I’m not so sure this is a job change question as much as it is about the state of your relationships. I know it’s hard to keep the grandparents away when there’s a baby in the house; that kind of goes with the territory. But I can also understand how lots of unexpected visits and unsolicited advice can wear on a person.
If it were me, I wouldn’t change jobs just to run from something. My advice is to try setting boundaries in your relationships with your parents instead of installing geographical boundaries. You might want to pick up a copy of Dr. Henry Cloud’s great book Boundaries. Remember, your mom may not realize she’s intruding on your lives. This book is full of insight, and it will give you both some good advice on how to manage relationships in a healthy, loving way.

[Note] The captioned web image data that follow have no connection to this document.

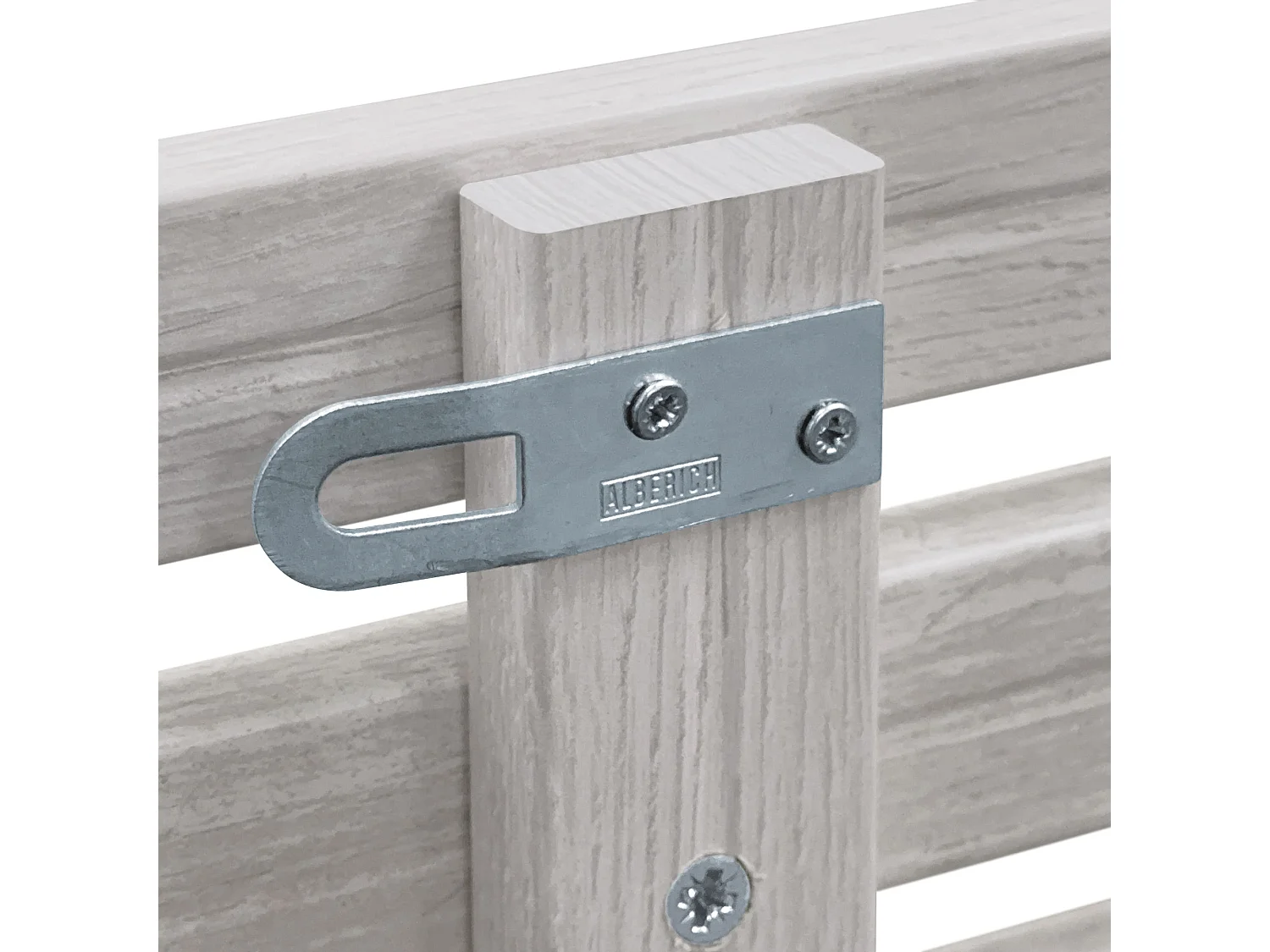 DHOME Hoofdeinde van gerecycled hout Dm Japanse palletstijl 80x46cm bedden 80/90 - Arctic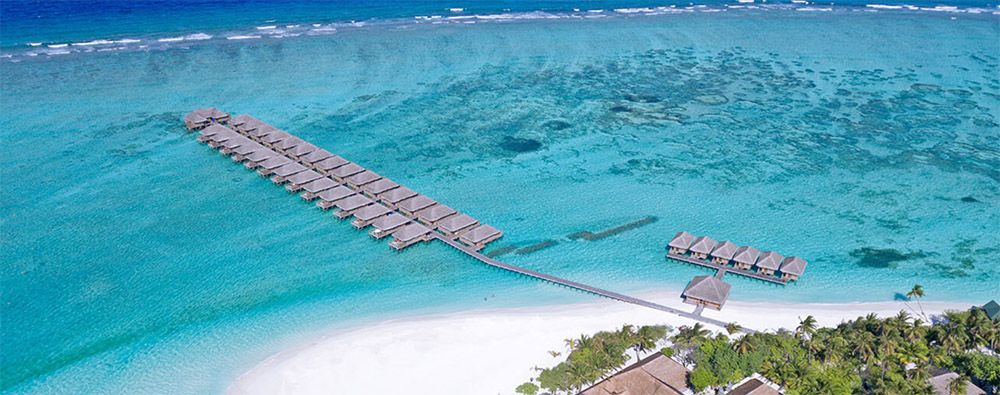 Meeru resort op de Malediven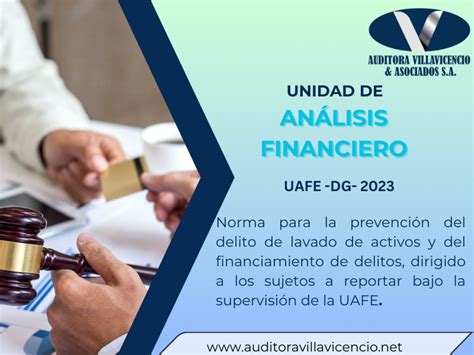 Unidad De AnÁlisis Financiero Uafe Dg 2023 0689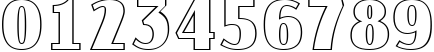 Пример написания цифр шрифтом a_JasperCapsOtlNr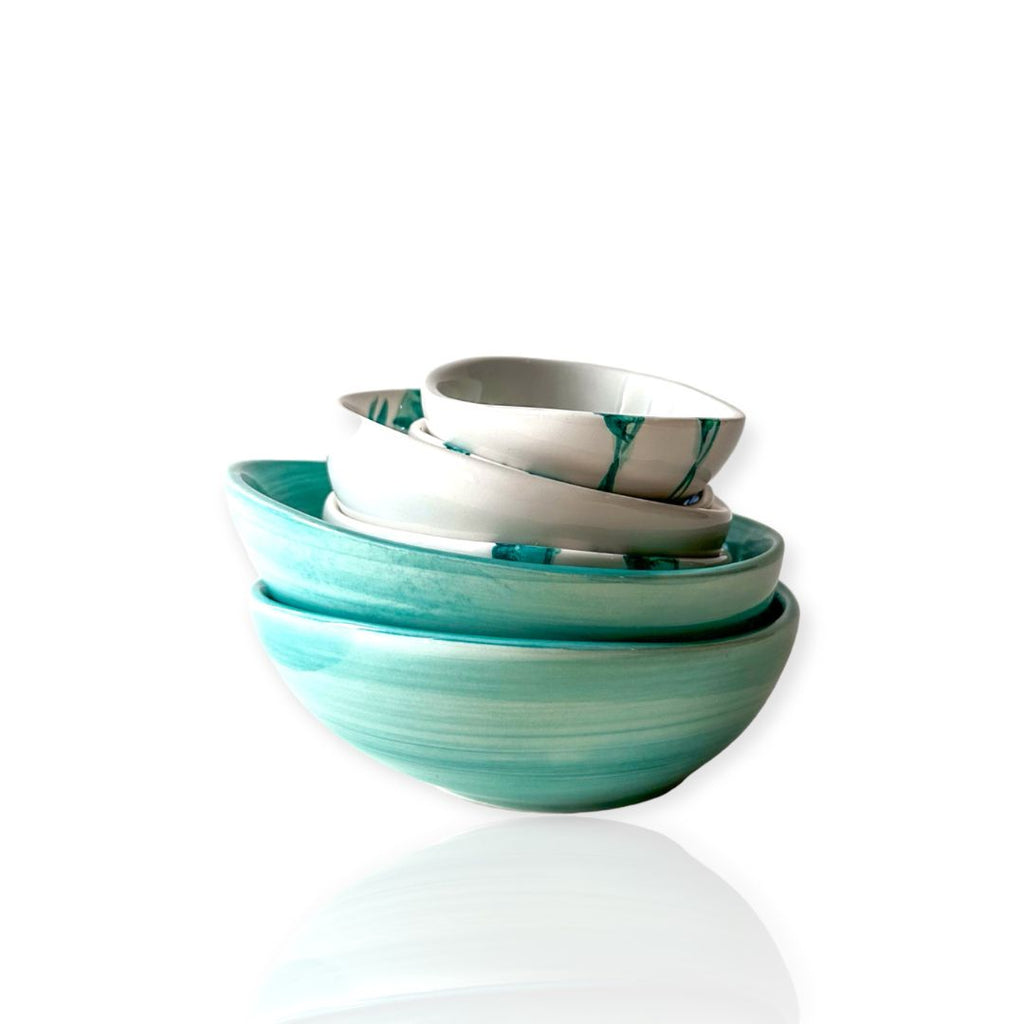 Edelweiss Tiffany Asymmetrical Medium Bowl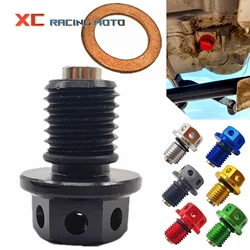 M12xP1.5 Oil Drain Plug Bolt Screw For Honda CRF XR Z 50 CR 80 125 250 480 500 125R 250R XR 100 250 350 500 650L 1974-2013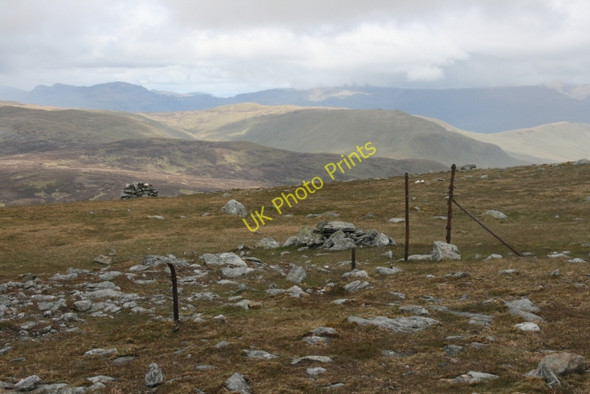 Photo 6"x4" Ruined Fence Corner, Ben Chonzie Invergeldie c2011
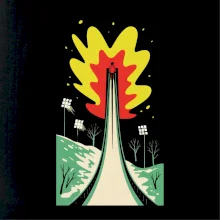 Skokanské mostíky abstraktné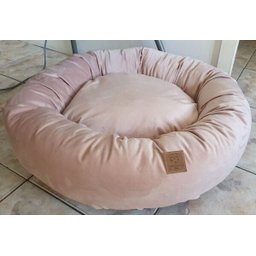 Cama Nuvem G 70x70:Rose Gold Veludo - 1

Like I said, I really don’t feel this is a job-move issue. I think you guys just need to establish some fair and reasonable emotional distance between yourselves and your family.
* Dave Ramsey is America’s trusted voice on money and business. He’s authored four New York Times best-selling books: Financial Peace, More Than Enough, The Total Money Makeover and EntreLeadership. The Dave Ramsey Show is heard by more than 6 million listeners each week on more than 500 radio stations. Follow Dave on Twitter at @DaveRamsey and on the web at daveramsey.com.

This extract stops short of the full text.